▶ [Information]:
►
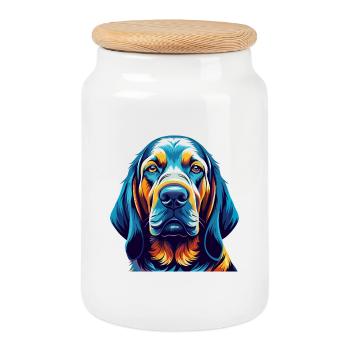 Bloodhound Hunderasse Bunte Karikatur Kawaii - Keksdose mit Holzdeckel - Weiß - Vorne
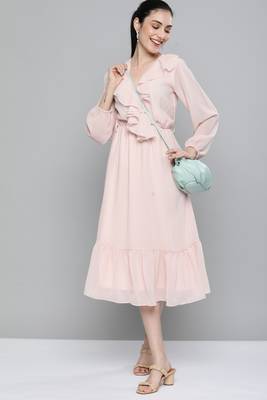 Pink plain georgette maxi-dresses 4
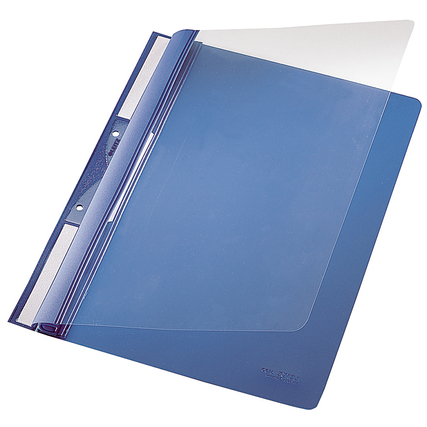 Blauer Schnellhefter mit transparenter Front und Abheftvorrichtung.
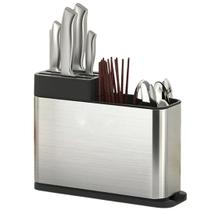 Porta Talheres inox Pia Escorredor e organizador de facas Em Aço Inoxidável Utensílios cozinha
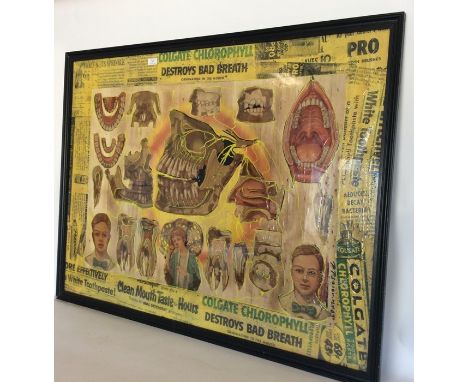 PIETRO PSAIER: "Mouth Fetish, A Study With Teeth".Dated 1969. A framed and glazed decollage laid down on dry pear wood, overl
◄
►
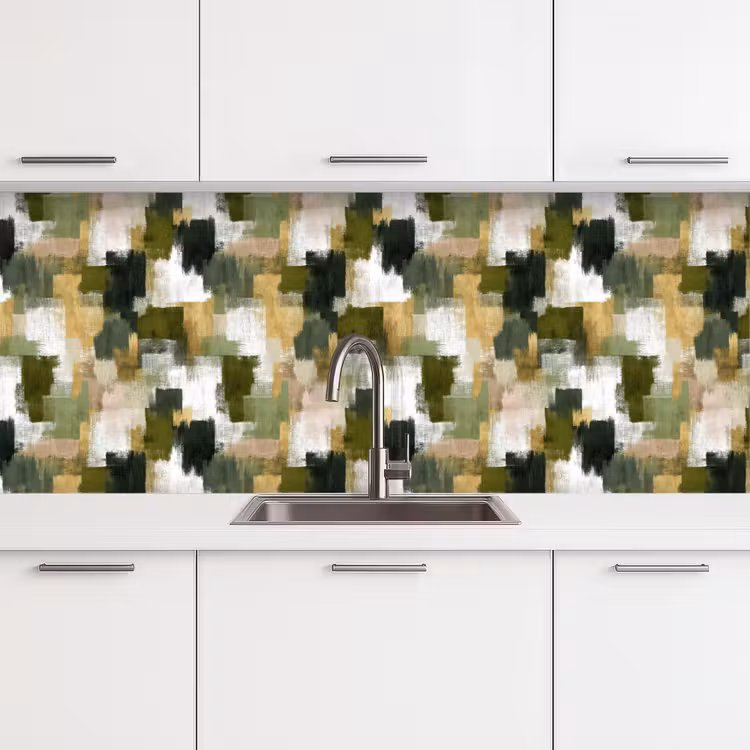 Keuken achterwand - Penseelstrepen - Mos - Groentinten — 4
◄
►
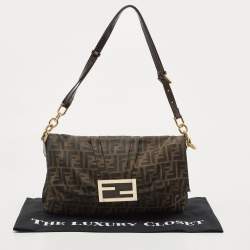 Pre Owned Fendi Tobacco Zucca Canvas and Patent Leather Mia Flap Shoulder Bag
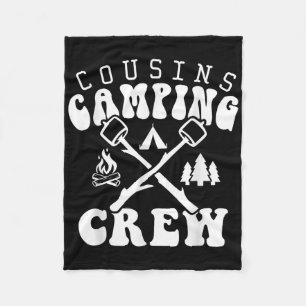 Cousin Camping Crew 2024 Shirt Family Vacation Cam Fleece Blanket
◄
▶ [Work instruction]: Only one stretch of the listing is wanted: the lines starting at the one with "Blauer Schnellhefter mit" and ending at the one with "Porta Talheres inox", copied exactly and free of pictures.

▶ [Solution for this exercise]:
 Blauer Schnellhefter mit transparenter Front und Abheftvorrichtung.
 Porta Talheres inox Pia Escorredor e organizador de facas Em Aço Inoxidável Utensílios cozinha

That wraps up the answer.